What you are asked to do - In your copy, include every record exactly and no pictures.

Records -
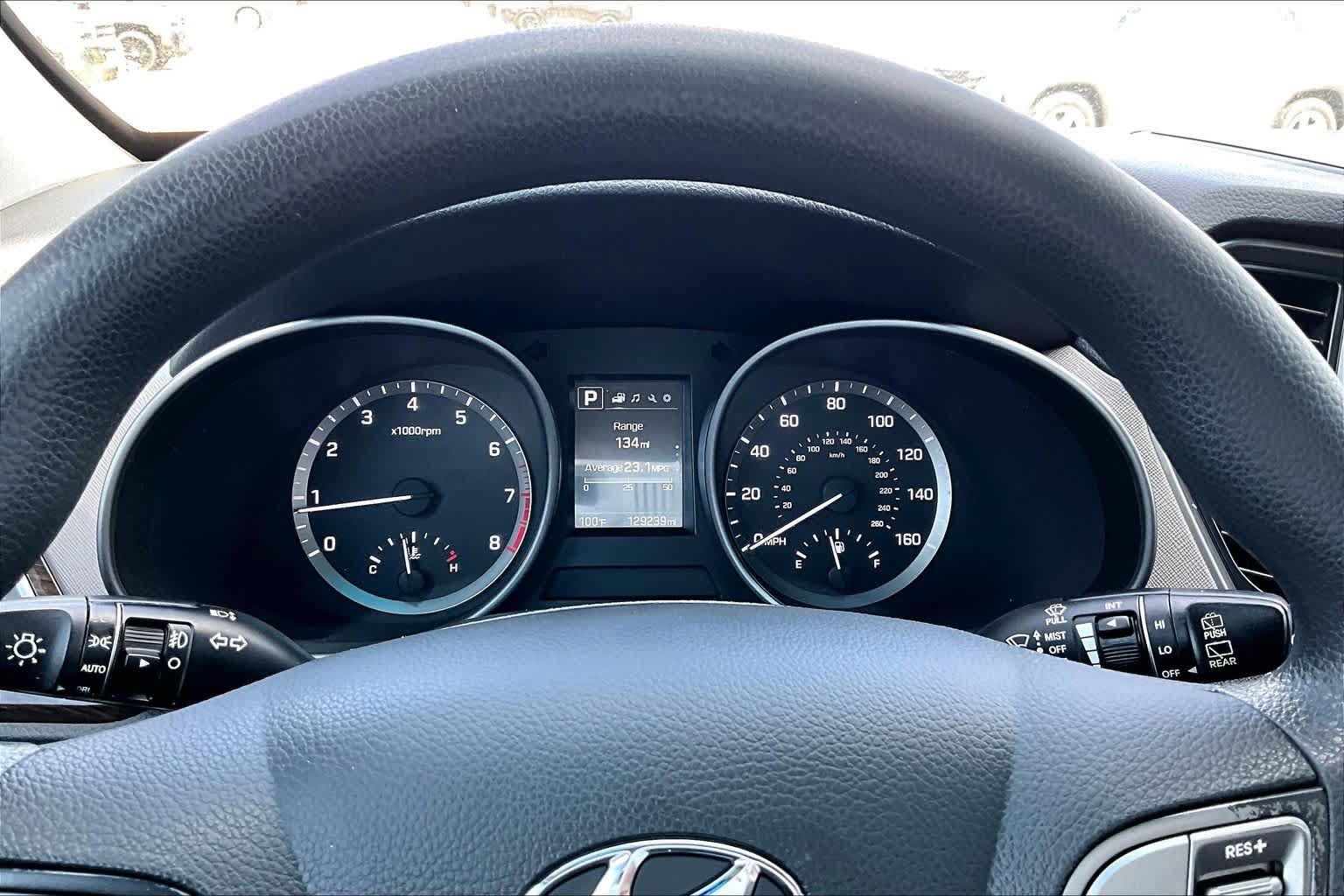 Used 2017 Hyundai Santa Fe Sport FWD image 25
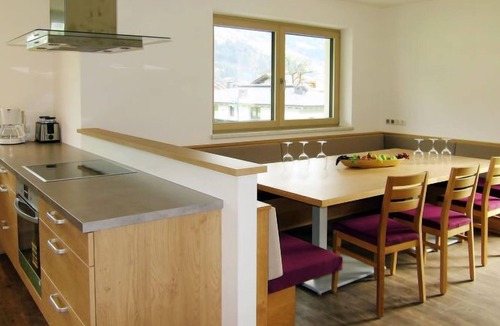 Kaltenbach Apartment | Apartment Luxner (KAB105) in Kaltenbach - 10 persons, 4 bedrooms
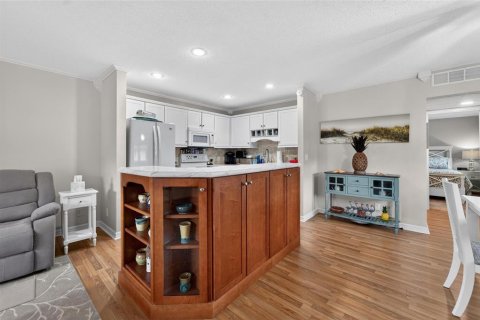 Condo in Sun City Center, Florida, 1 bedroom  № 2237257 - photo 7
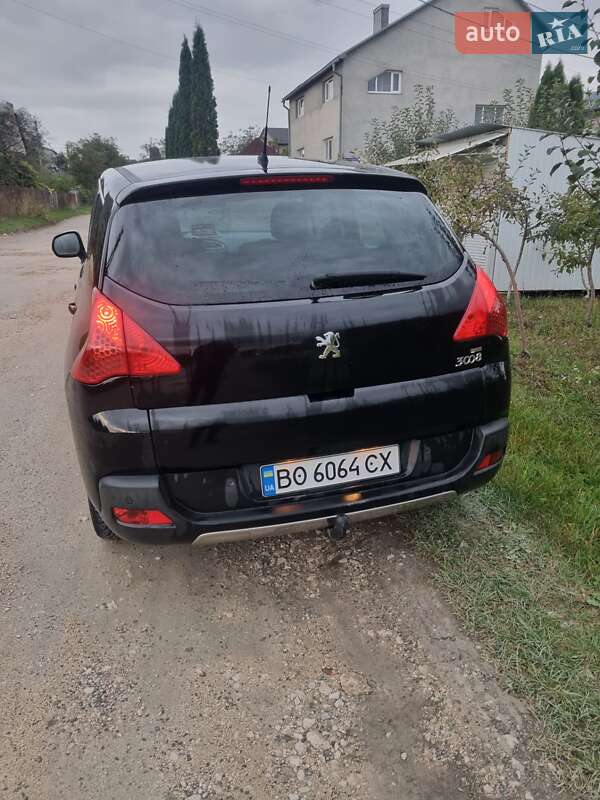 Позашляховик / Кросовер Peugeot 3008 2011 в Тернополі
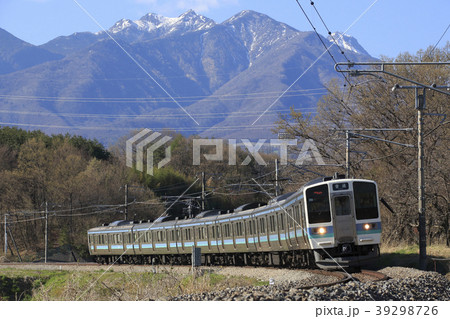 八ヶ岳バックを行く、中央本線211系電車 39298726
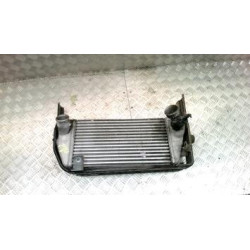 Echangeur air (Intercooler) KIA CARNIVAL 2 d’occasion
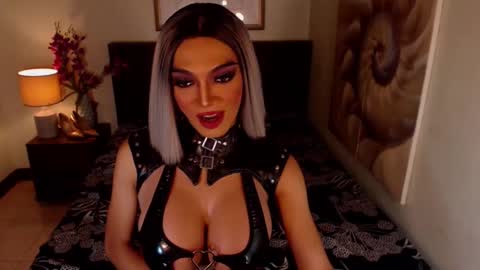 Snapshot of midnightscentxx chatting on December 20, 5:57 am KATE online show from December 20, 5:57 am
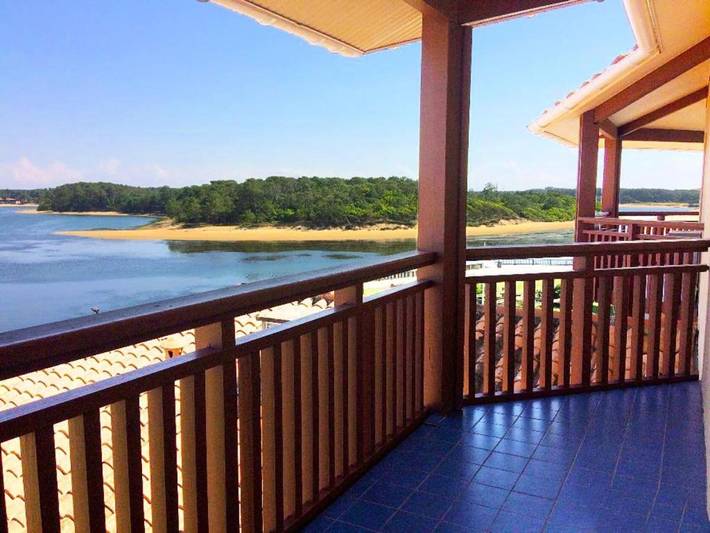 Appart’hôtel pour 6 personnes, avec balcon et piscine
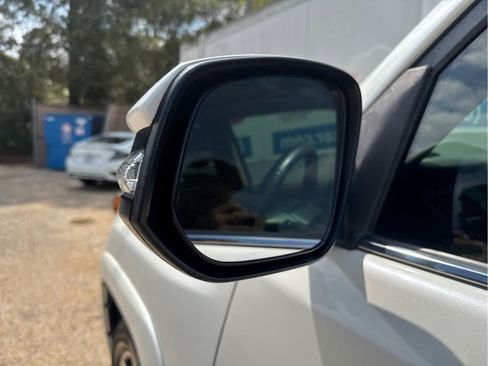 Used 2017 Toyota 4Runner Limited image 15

Answer section -
 Used 2017 Hyundai Santa Fe Sport FWD image 25
 Kaltenbach Apartment | Apartment Luxner (KAB105) in Kaltenbach - 10 persons, 4 bedrooms
 Condo in Sun City Center, Florida, 1 bedroom  № 2237257 - photo 7
 Позашляховик / Кросовер Peugeot 3008 2011 в Тернополі
 八ヶ岳バックを行く、中央本線211系電車 39298726
 Echangeur air (Intercooler) KIA CARNIVAL 2 d’occasion
 Snapshot of midnightscentxx chatting on December 20, 5:57 am KATE online show from December 20, 5:57 am
 Appart’hôtel pour 6 personnes, avec balcon et piscine
 Used 2017 Toyota 4Runner Limited image 15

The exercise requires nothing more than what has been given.